Can Reading Help Relieve Chronic Pain?

By Pat Anson, Editor

A good book is not only hard to put down -- it may also help relieve symptoms of chronic pain by triggering positive memories, according to a small British study.

Researchers at the University of Liverpool brought together a group of ten people with severe chronic pain once a week to read literature together aloud.
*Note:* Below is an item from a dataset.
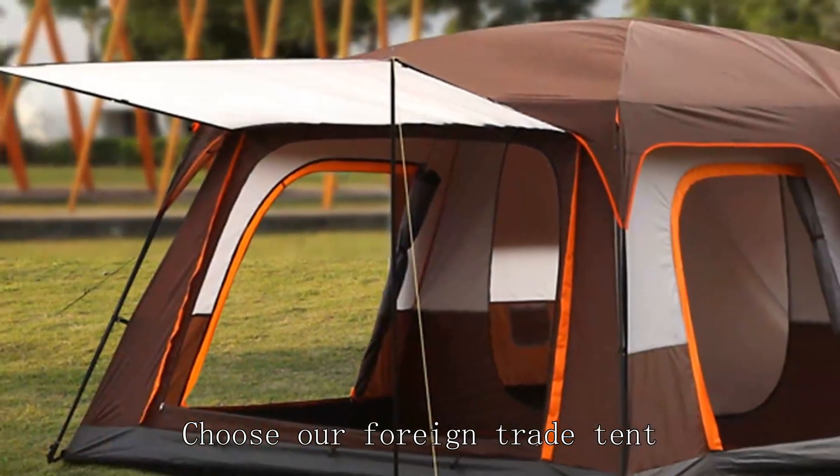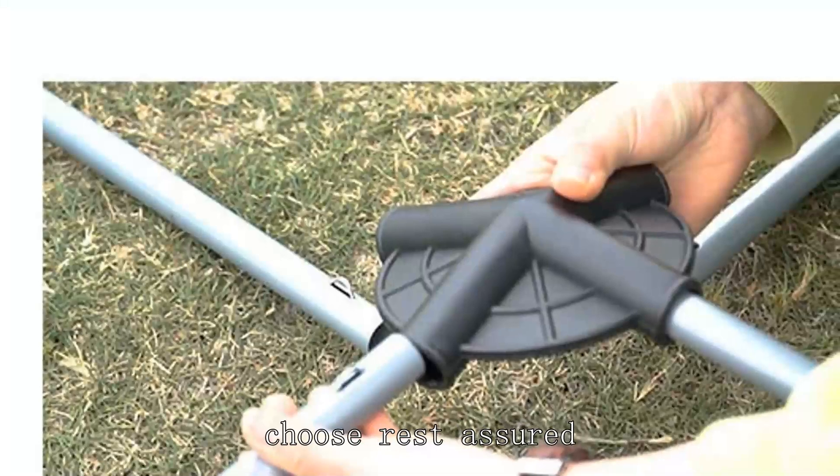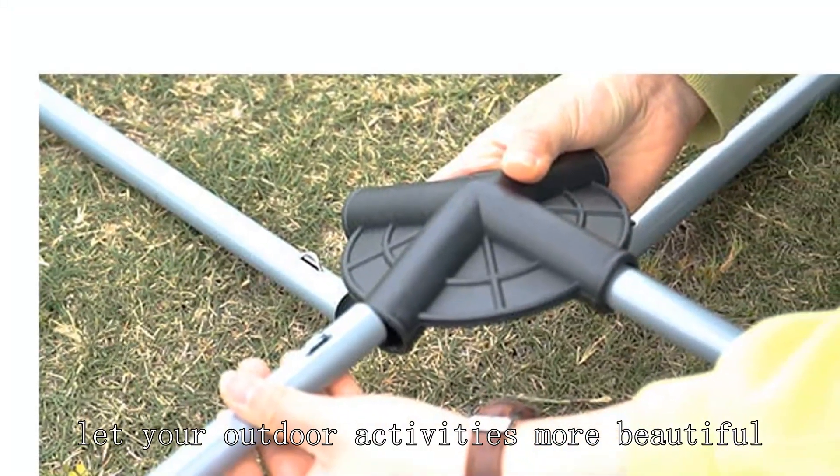Choose our foreign trade tent — is to choose quality, choose comfort, choose rest assured. Let your outdoor activities be more beautiful.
The reading material included short stories, novels and poetry, and covered a wide variety of genres and topics.

While passages were read aloud in the “Shared Reading” exercise, regular pauses were taken to encourage participants to reflect on what is being read, on the thoughts or memories it stirred, and how the reading matter related to their lives.

Researchers compared the Shared Reading group to another group practicing a form of cognitive behavioral therapy (CBT).

While participants in the CBT group were encouraged to manage their emotions by focusing on the pain experience, Shared Reading encouraged pain sufferers to recall positive memories from their past before the onset of chronic pain.

"Our study indicated that shared reading could potentially be an alternative to CBT in bringing into conscious awareness areas of emotional pain otherwise passively suffered by chronic pain patients,” said Josie Billington, a researcher at the University’s Centre for Research into Reading, Literature and Society.

"The encouragement of greater confrontation and tolerance of emotional difficulty that Sharing Reading provides makes it valuable as a longer-term follow-up or adjunct to CBT's concentration on short-term management of emotion."

Researchers say Shared Reading has a therapeutic effect because it helps participants recall a variety of life experiences -- from work, childhood, family and relationships -- not just memories that involve chronic pain.

The study, published in the BMJ Journal for Medical Humanities, was funded by the British Academy.

While many pain sufferers are deeply skeptical of CBT, meditation and similar forms of “mindfulness” therapy, there is evidence that they work for some. A recent study found that CBT lessened pain and improved function better than standard treatments for low back pain.

Another study at Wake Forest University found that mindfulness meditation appears to activate parts of the brain associated with pain control.